### [Stored data]

-*-*-

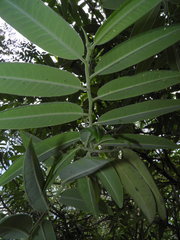 Vallesia conzattii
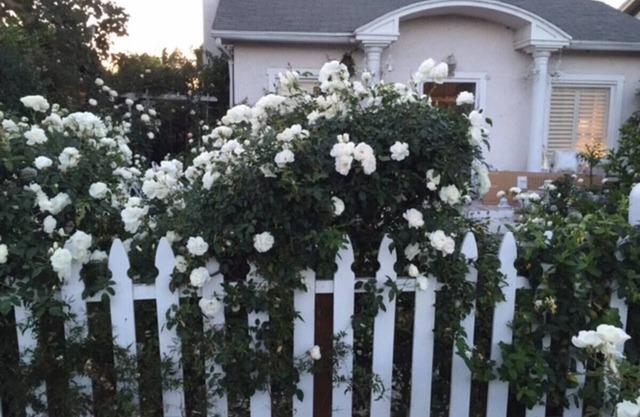 California Dreaming! Elegant White Cottage, Venice Beach Happy holidays here!!
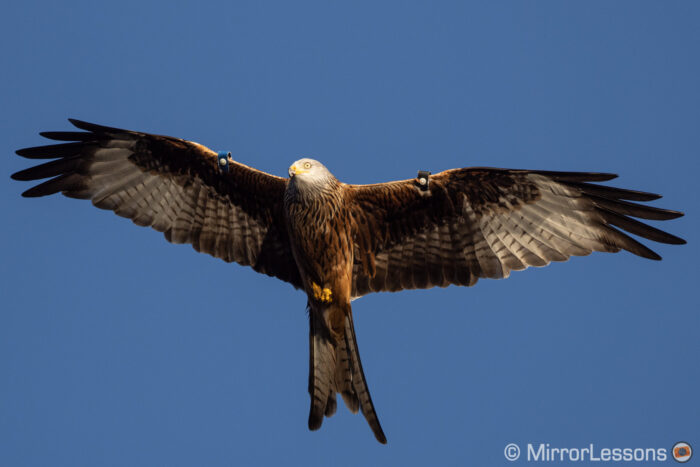 A flying red kite taken with the E-M5 III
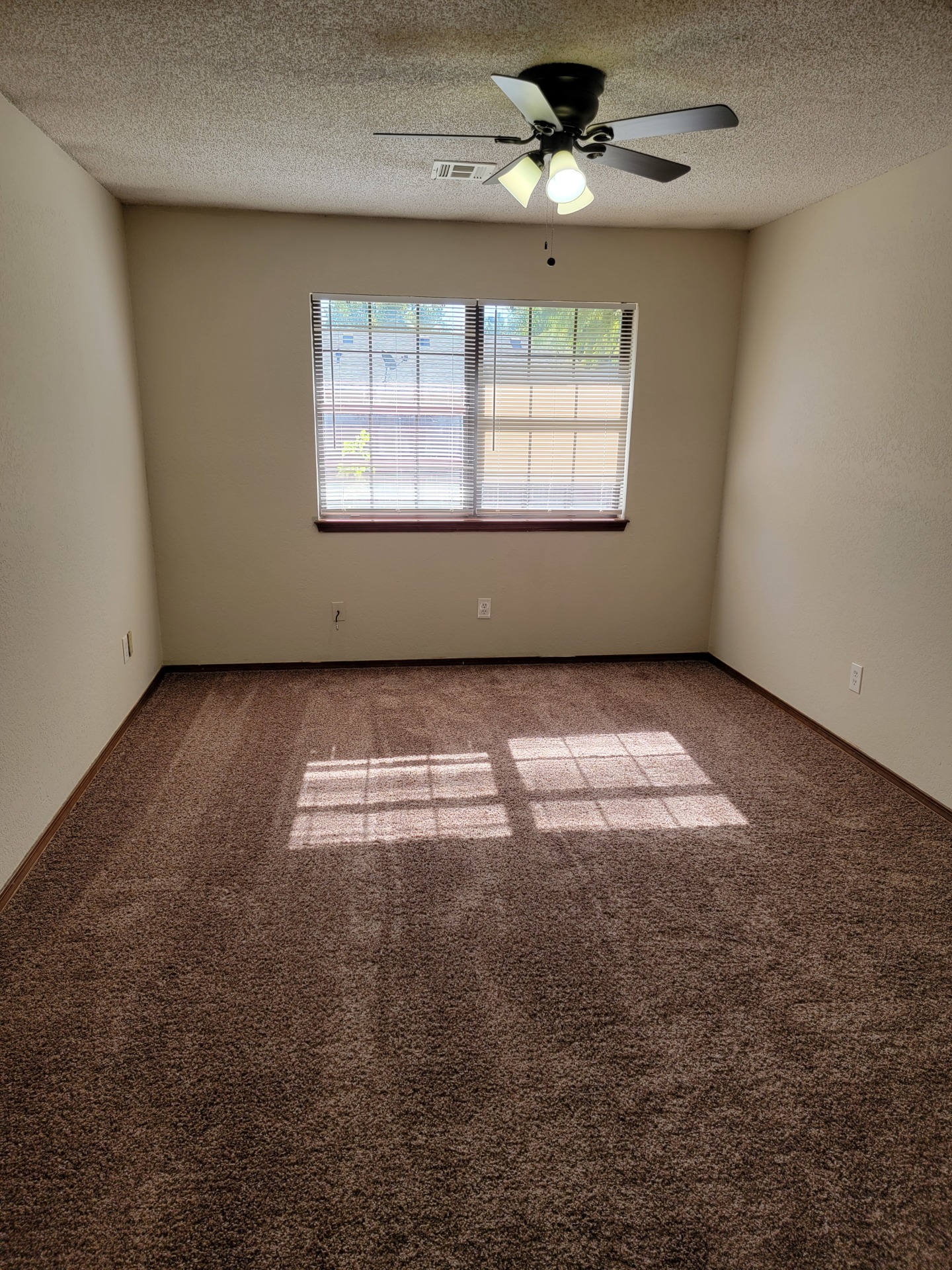 A must see. Super, super cute.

-*-*-

### [The problem]
With the pictures removed, copy the data above word for word.

### [Result below]
 Vallesia conzattii
 California Dreaming! Elegant White Cottage, Venice Beach Happy holidays here!!
 A flying red kite taken with the E-M5 III
 A must see. Super, super cute.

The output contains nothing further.